November is National Adoption Month. It’s a month dedicated to spreading awareness about adoption and showing our support for adoptive parents and adoptees. My husband and I adopted a sibling group of five out of foster care in 2017 after pursuing international and domestic adoption. To say that we are passionate about adoption is a bit of an understatement. However, we know that not everyone is interested in or able to adopt so we wanted to share a few easy ways that you can support adoption during #nationaladoptionmonth.
1. Your friendship: First and hands down the best thing you can do to support adoption. The truth is, adoption can be incredibly alienating. Most adopted kids are not like other kids, especially when they are trying to adjust to their new life. They are going to act out in ways that are unpleasant and sometimes unusual. Many adoptive parents are afraid to take their children out among others for a long time because we don't know what will trigger them or how they will react in different situations. It gets really lonely. Knowing that you will not be phased when a child has a meltdown at the sound of a police siren or right before nap time (common triggers), makes us relax around you and that is what we need most. A safe place for us, our kids, the trauma, and all the feelings is essential for us to become the parents these kids need. Also, these kids need “aunts”, “uncles”, and “grandparents” who are safe and who can fill the gaps caused by the families they left behind.
2. Hand-me-down clothes: If you have kids you know how expensive nice clothes can be. Many times they might wear an item or a pair of shoes only a few times before they've grown out of it (or, at least it seems that way). Used kids clothes are often still in great shape and can be a lifesaver for a family who has adopted a fast-growing child or who are unsure of the exact size their child will be. When you go through your kids' closets, set a few things aside for us. Even a small bag of clothes goes a long way when we're stretched thin emotionally, physically, and financially.
3. Restaurant gift cards: When we first bring our child (or children) home, we are a bit frazzled. Just like any new parent, our minds are buzzing with what the child needs and we rarely think about what we need. A simple, already prepared meal goes a long way.
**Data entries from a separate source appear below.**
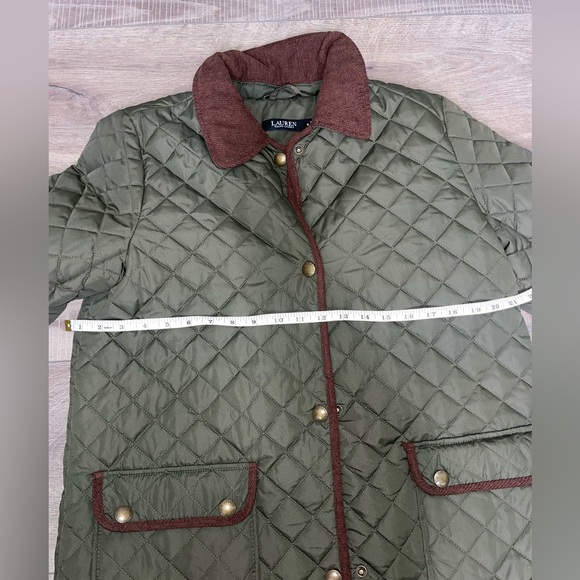 Ralph Lauren Olive Quilted Puffer with Brown Trim - Picture 15 of 15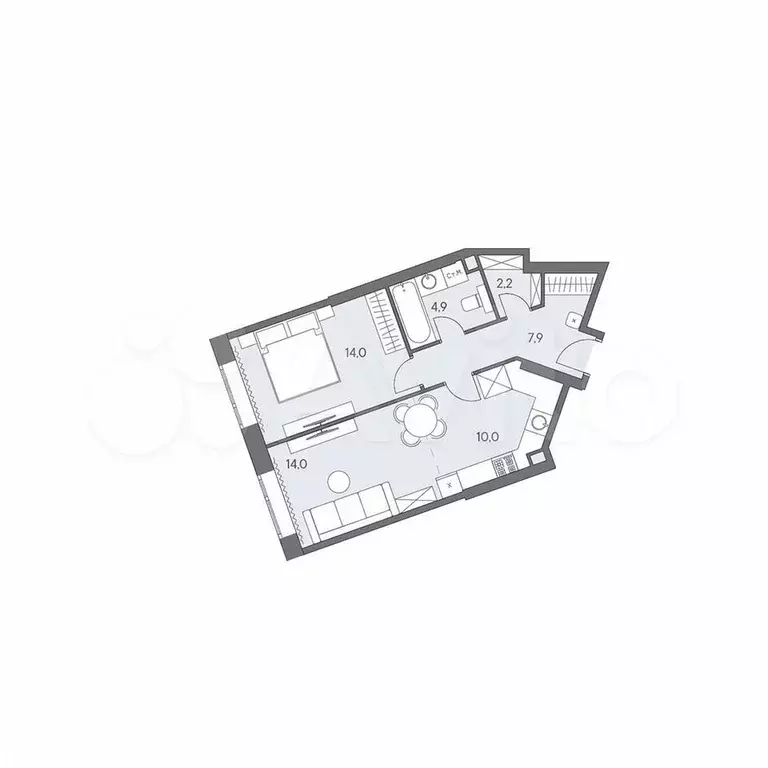 2-к. квартира, 53 м, 22/31 эт. - Фото 0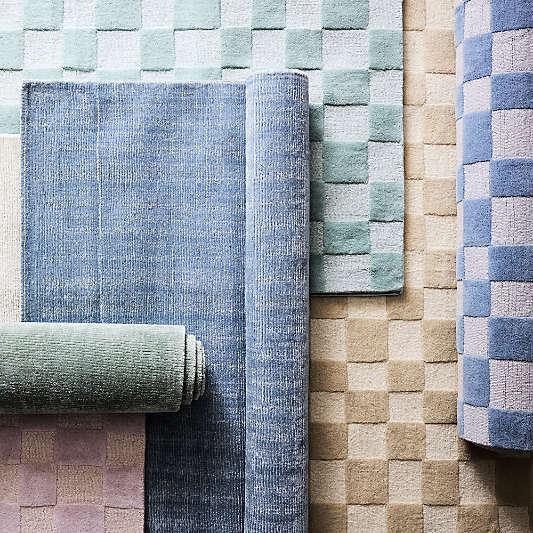 Imperfect Checkerboard Muted Teal Wool Kids Area Rug  6'x9'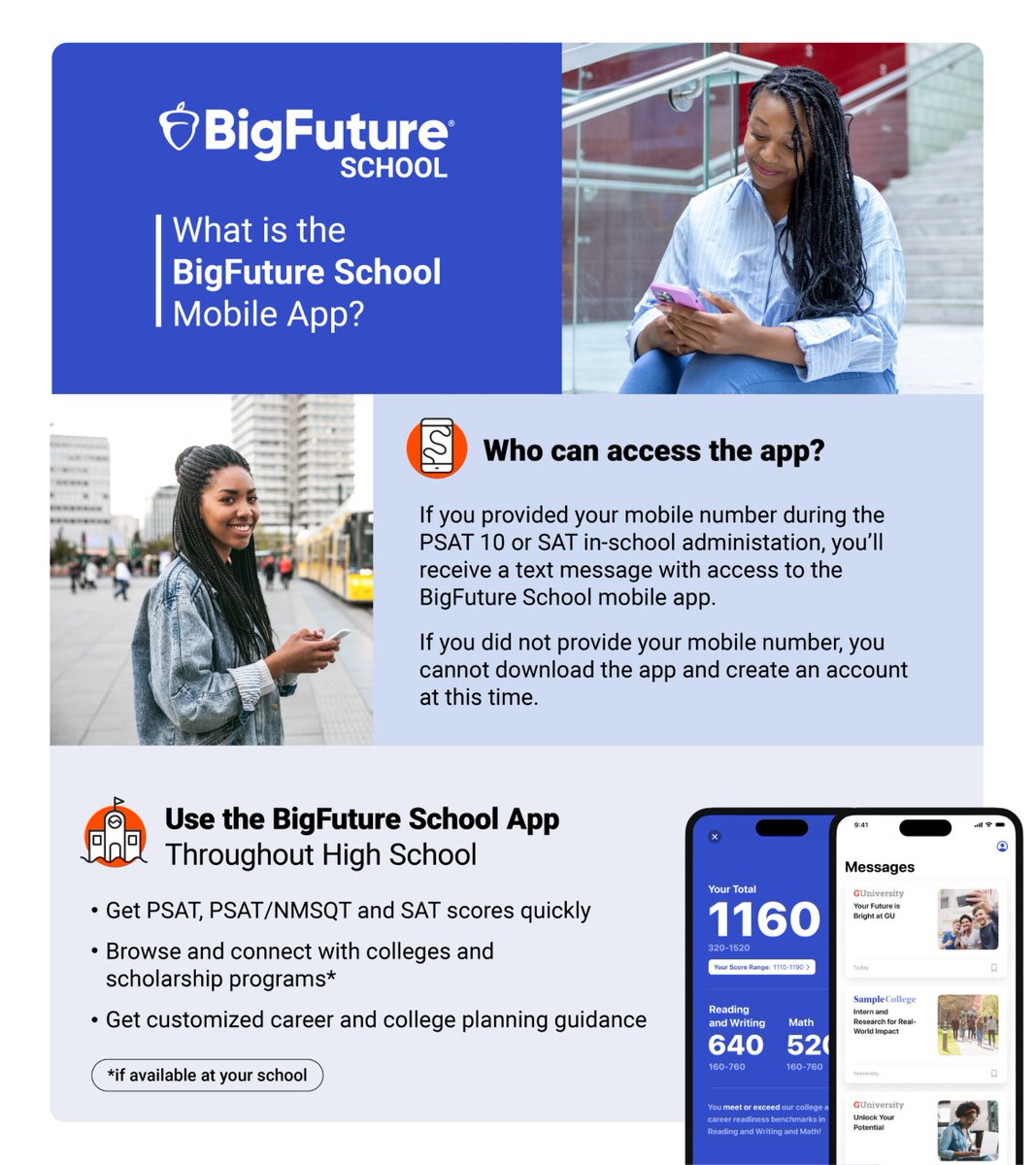 The BigFuture School app is available for students who provided their phone number during the PSAT 10 or SAT in-school administration. spr.ly/6011bvEtv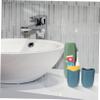 Alipis 2pcs Elegant Plastic Bathroom Accessories Organizer Toothbrush Cup Toothpaste Travel Case Outdoor Holder Toothbrush Slots view 3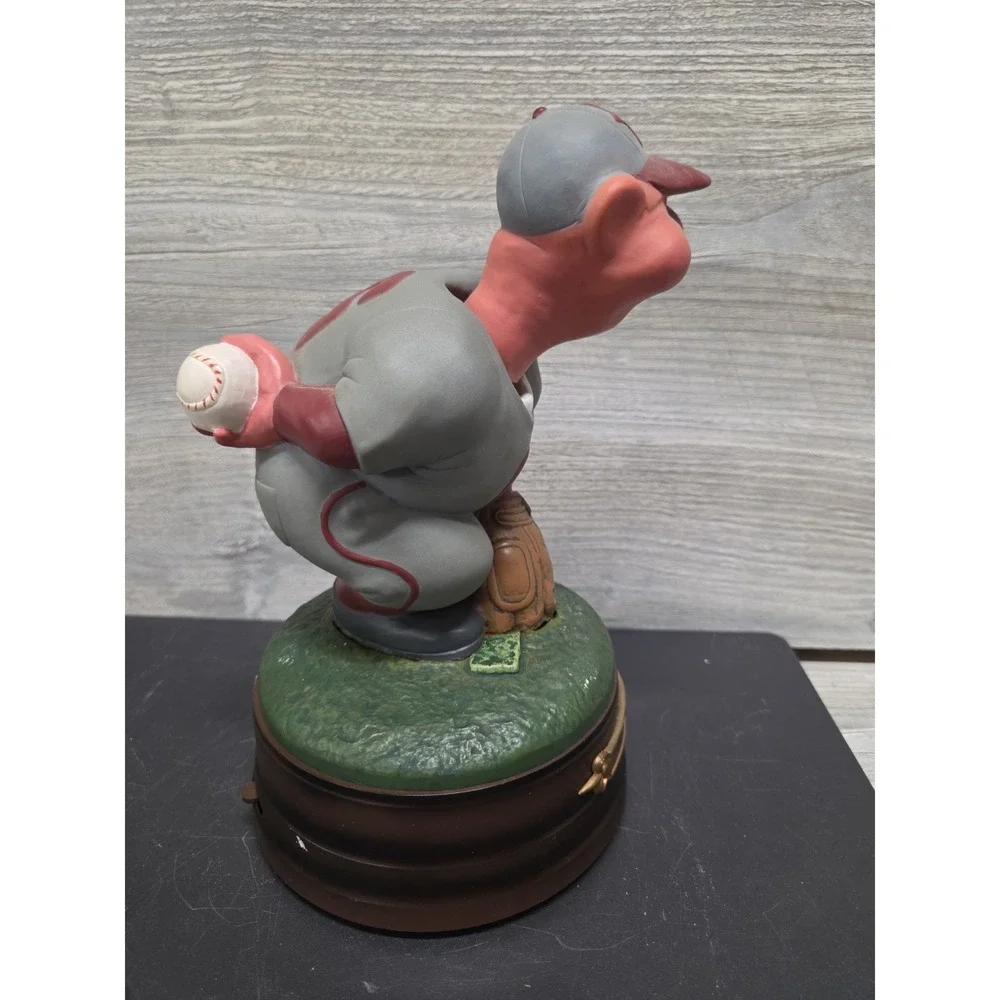The All Americans - Enesco Music Box Baseball Pitcher On Base-Moves Rare! Eshelf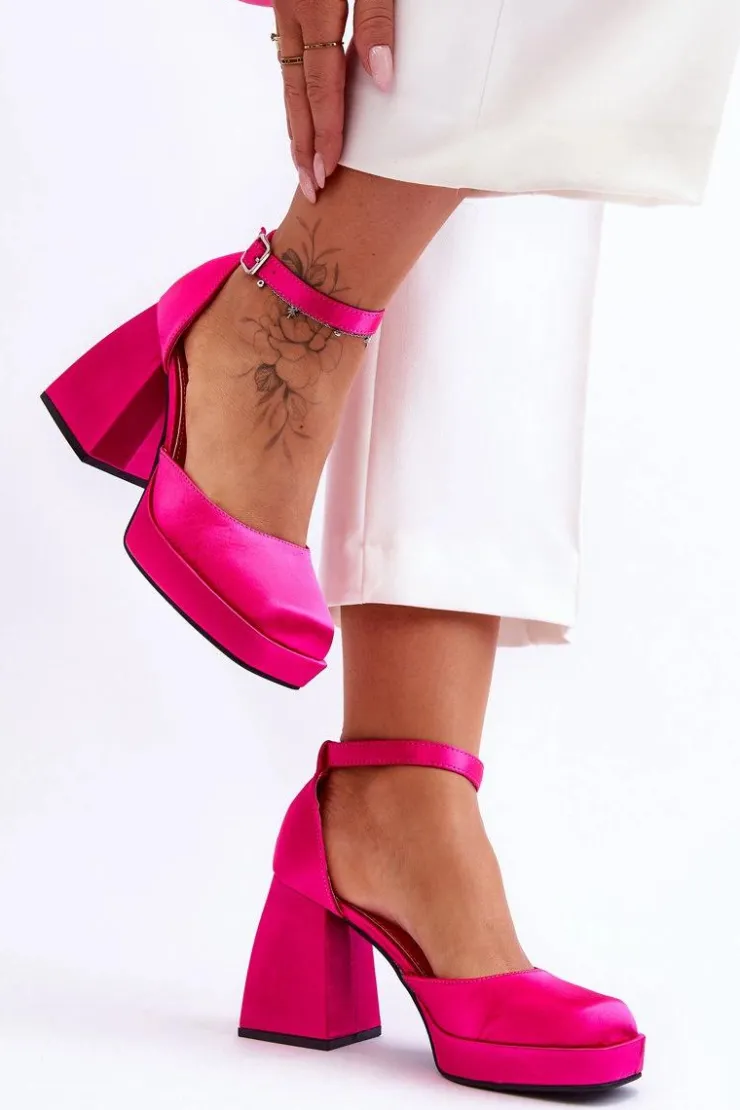 Damskie Boto Modne Czółenka Na Masywnym Obcasie Fuksja Sandia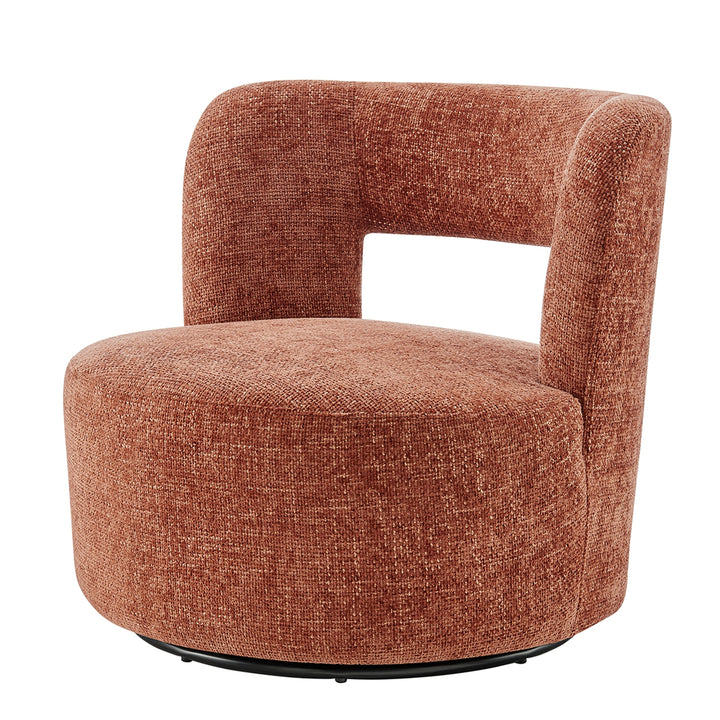Jazzlyn Chenille Swivel Accent Chair - Grenada Terracotta
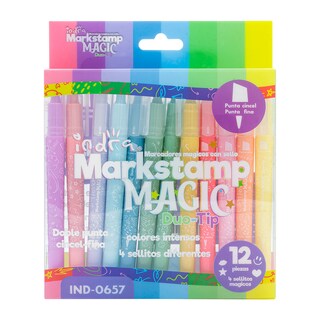 Foto 1 | Foto 1 | Estuche 12 Marcadores Mágicos Indra Ind-0657 Multicolor Markstamp Magic Duo-tip Con Sellos Doble Punta Cincel/fina Base Agua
But, if you're like me and not much of a cook, a gift card to a restaurant that offers take-out is a fabulous substitution. Gift cards don't require much room in the fridge and allow for most allergies and other dietary restrictions. It's just one less thing for the adoptive family to worry about. Try to find restaurants that have healthy options and kid-friendly options available on their menu.
4. Baby/Kid sitting: I'll just say it. We won't ask for help. Especially childcare help. We're terrified of how our kids will behave and afraid you'll never speak to us again after a few hours with them. You won't be able to offer to watch our kids in passing. You will have to politely insist. Offer to swing by one morning so we can go to Target. If you have kids too, host a play-date. For those of us who are working parents, offer to pick our kids up from school or watch them for us when school is out of session. We'll probably refuse your offers a few times but don't give up on us! Gently persist because we desperately need a break.
You’ve heard it said, “Everyone can do something.” We believe that “something” doesn’t have to be big, elaborate, expensive, or hard. If you feel a tug in your heart to support adoption but you are not able to adopt, seek out someone who has adopted or is in the process of adopting. Encourage them with your words and a few (or all) of the ways listed above. We appreciate your support more than you could ever know. Thank you for helping us celebrate the many ways that love makes a family and #nationaladoptionmonth.